§ **REQUIRED WORK**: Transcribe the records verbatim, images excluded.

§ **GIVEN DATA**:

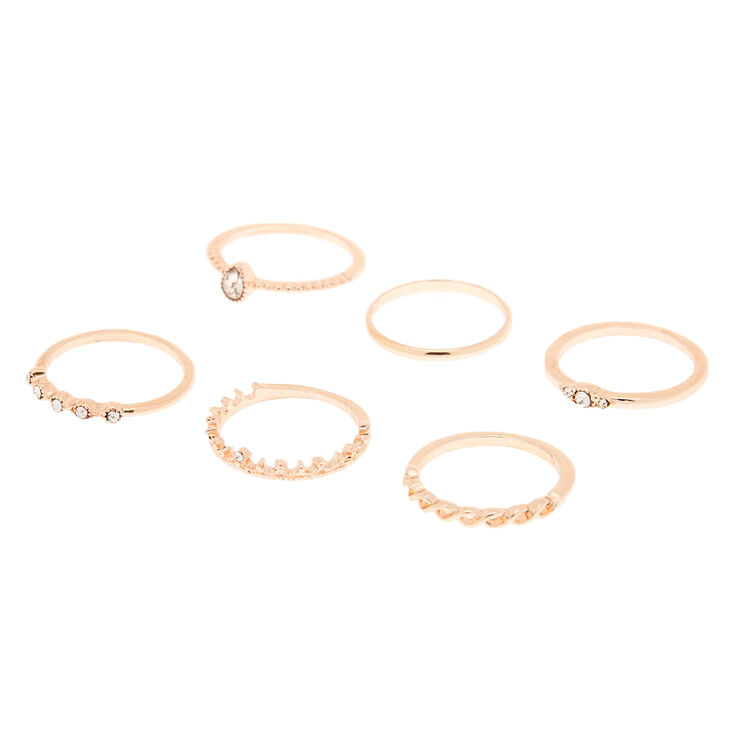 Rose Gold Royal Glam Rings - 6 Pack,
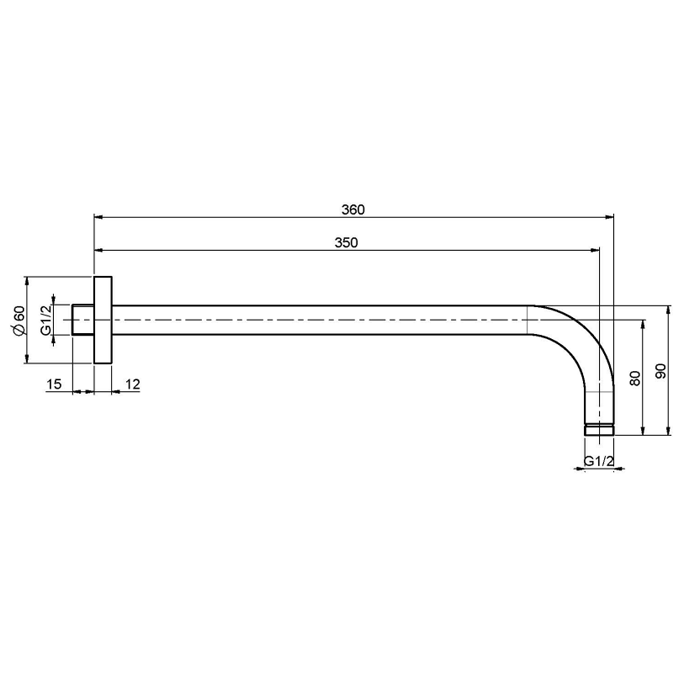 Carlo Frattini Wellness Держатель для душа настенный 350мм. F2138CR, цвет: хром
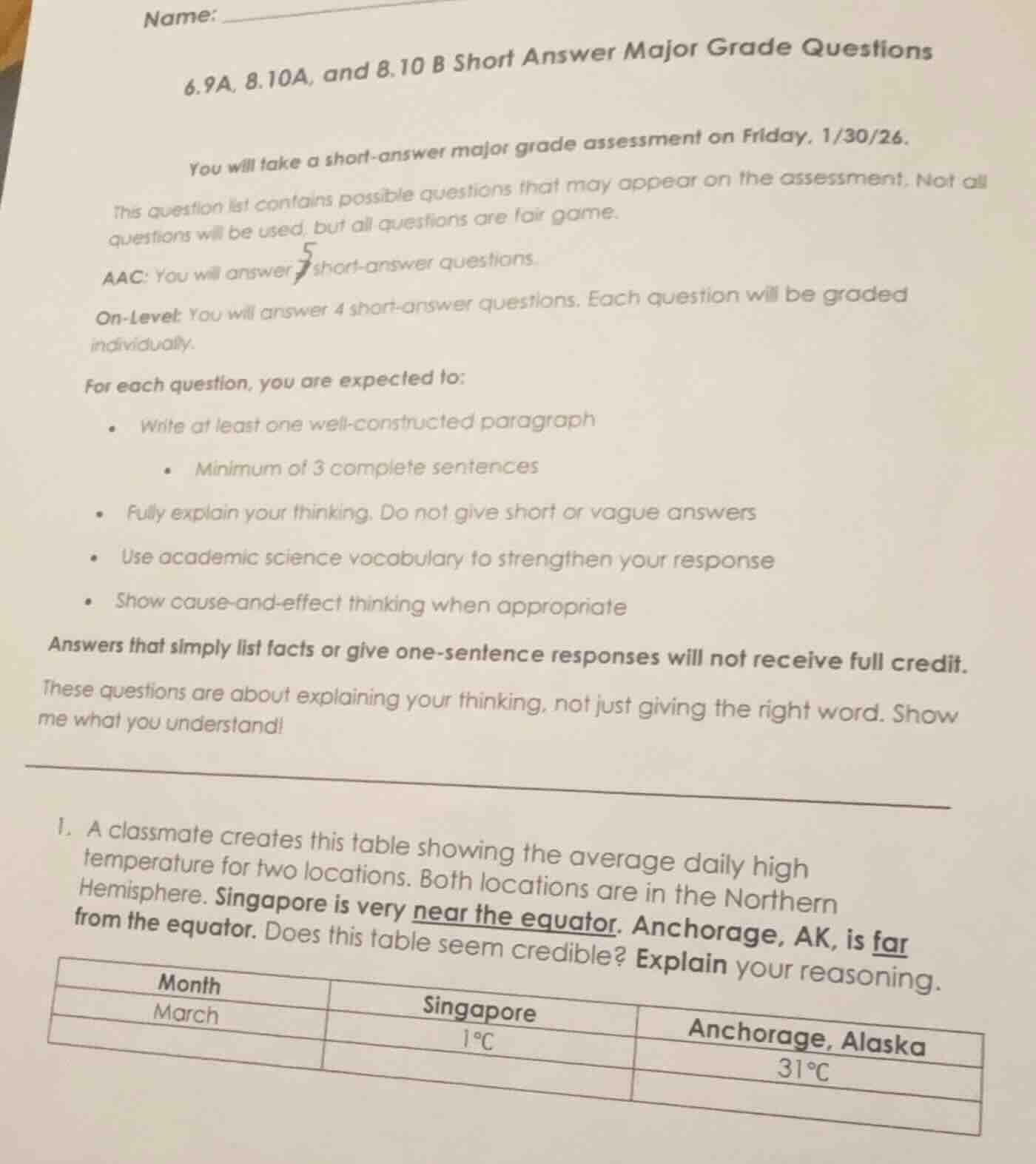 name: 6.9a, 8.10a, and 8.10 b short answer major grade questions you wi…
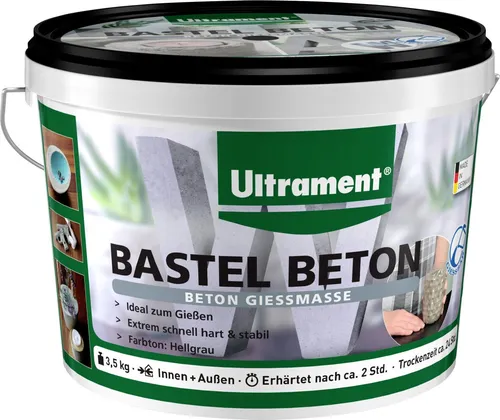 Ultrament Bastel Beton Gießmasse 3,5 kg, hellgrau - Estrich & Mörtelprodukte – Ideal für kreative DIY-Projekte und schnelle, langlebige Ergebnisse.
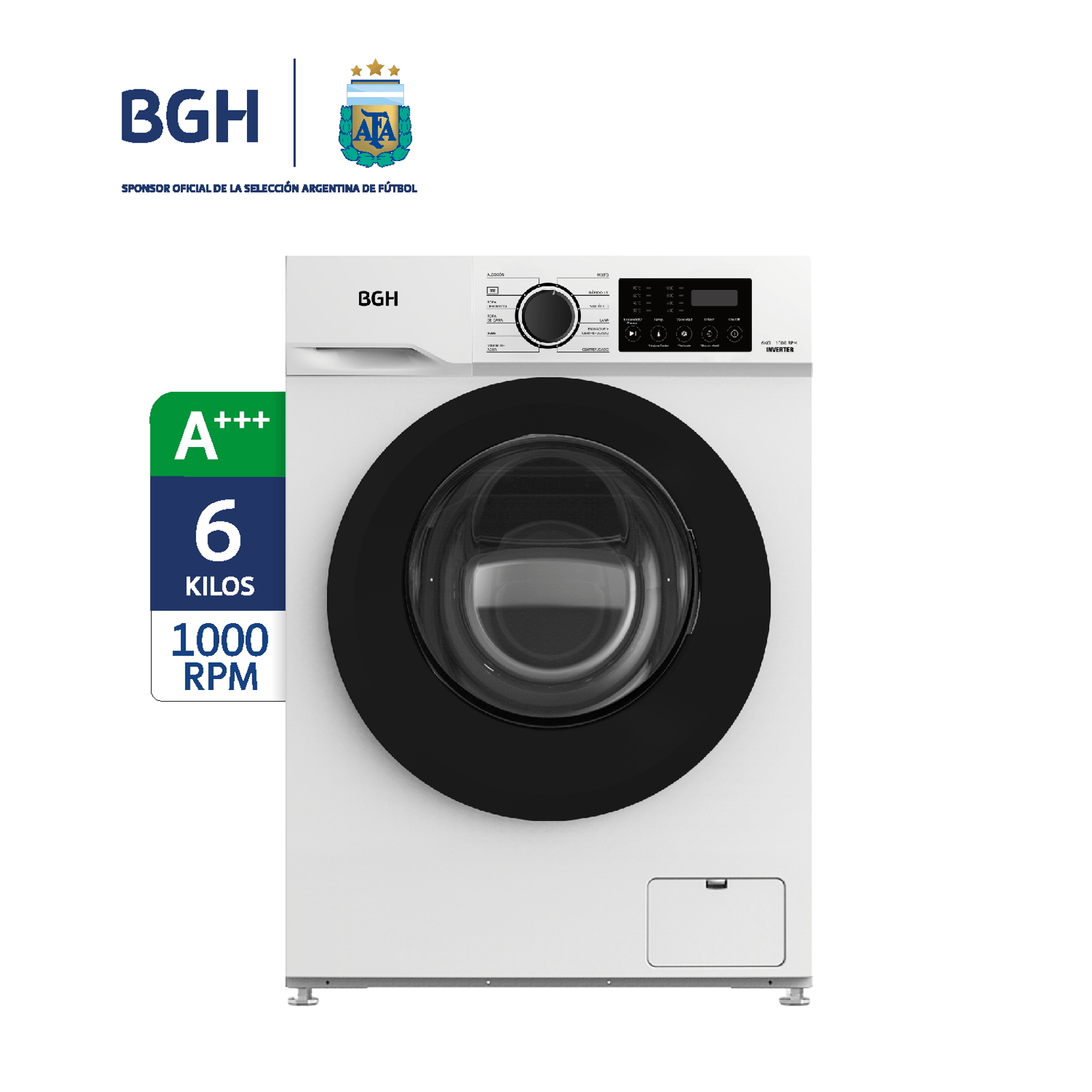 LAVARROPAS BGH 6KG 1000RPM DIGITAL BWFI06W24AR - Imagen 2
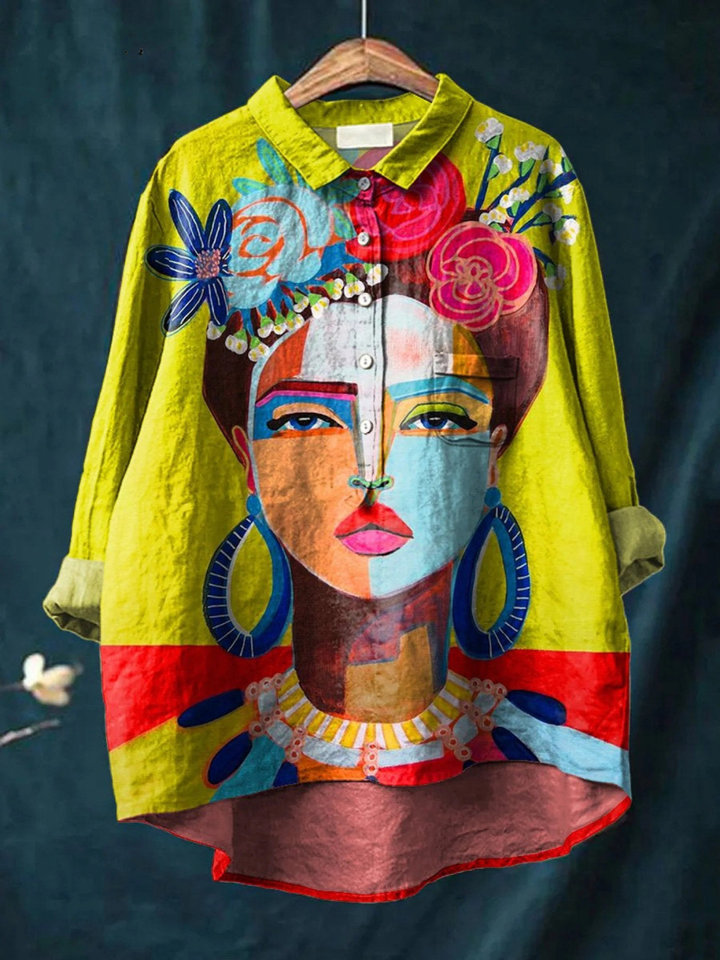 Ember | Oil Painting Freda Portrait Art Printed Women's Casual Shirt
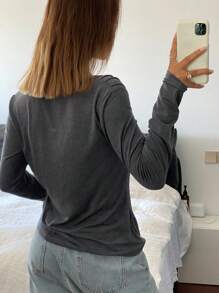 DAZY 纯色宽松船领长袖拼布女式T恤，秋季服装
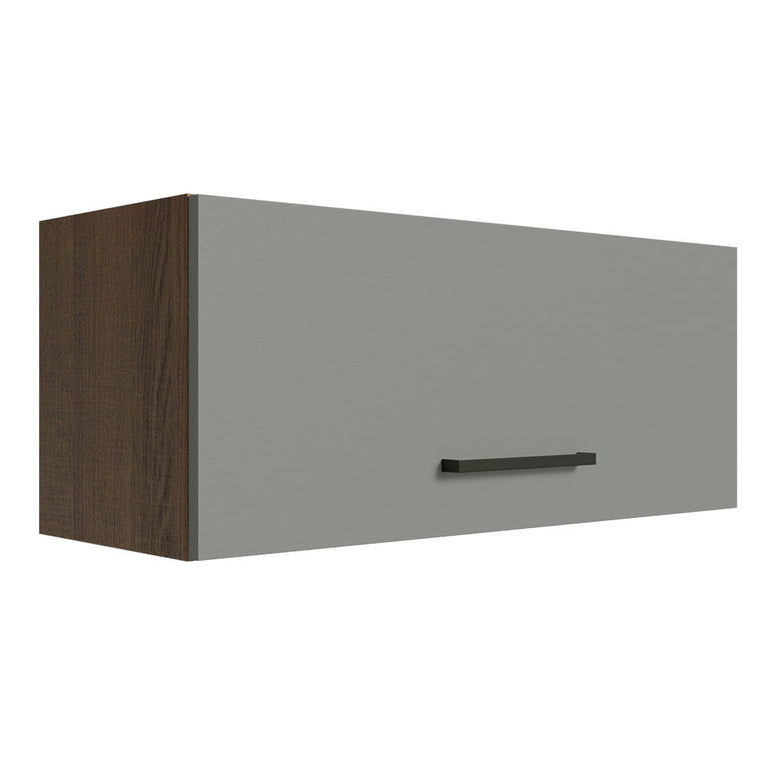 Armário Aéreo Multiuso 80cm 1 Porta Basculante Rustic/Cinza Agata Madesa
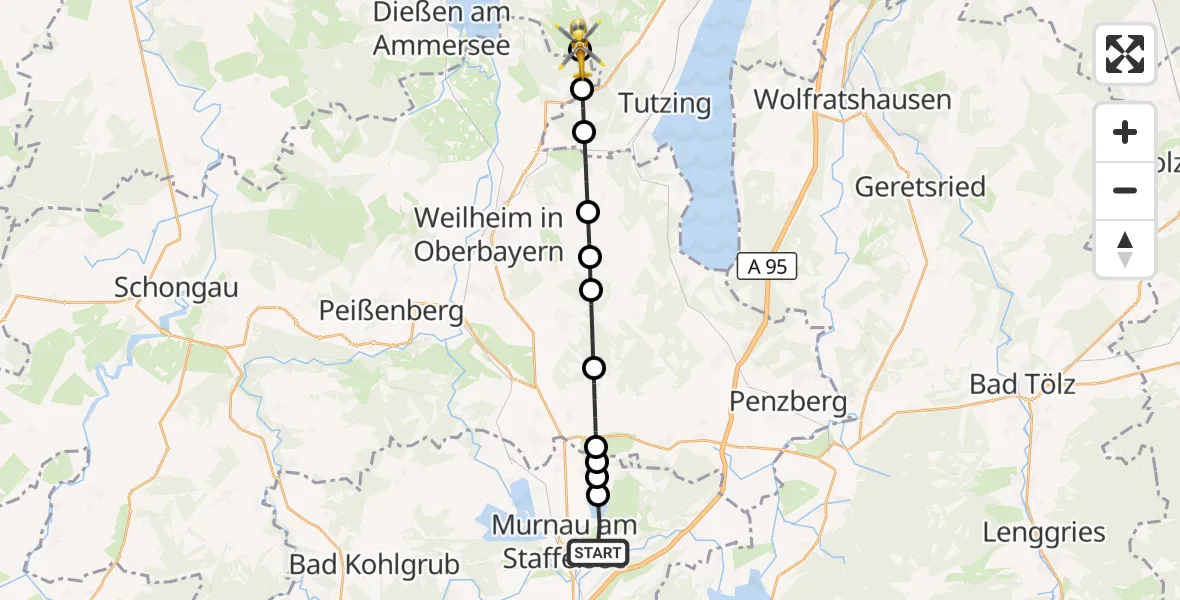 Flugroute Rettungshubschrauber Murnau a.Staffelsee - Andechs, 04 August 2026, 08:48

§ **ANSWER TO THIS TASK**:
 Rose Gold Royal Glam Rings - 6 Pack,
 Carlo Frattini Wellness Держатель для душа настенный 350мм. F2138CR, цвет: хром
 name: 6.9a, 8.10a, and 8.10 b short answer major grade questions you wi…
 Ultrament Bastel Beton Gießmasse 3,5 kg, hellgrau - Estrich & Mörtelprodukte – Ideal für kreative DIY-Projekte und schnelle, langlebige Ergebnisse.
 LAVARROPAS BGH 6KG 1000RPM DIGITAL BWFI06W24AR - Imagen 2
 Ember | Oil Painting Freda Portrait Art Printed Women's Casual Shirt
 DAZY 纯色宽松船领长袖拼布女式T恤，秋季服装
 Armário Aéreo Multiuso 80cm 1 Porta Basculante Rustic/Cinza Agata Madesa
 Flugroute Rettungshubschrauber Murnau a.Staffelsee - Andechs, 04 August 2026, 08:48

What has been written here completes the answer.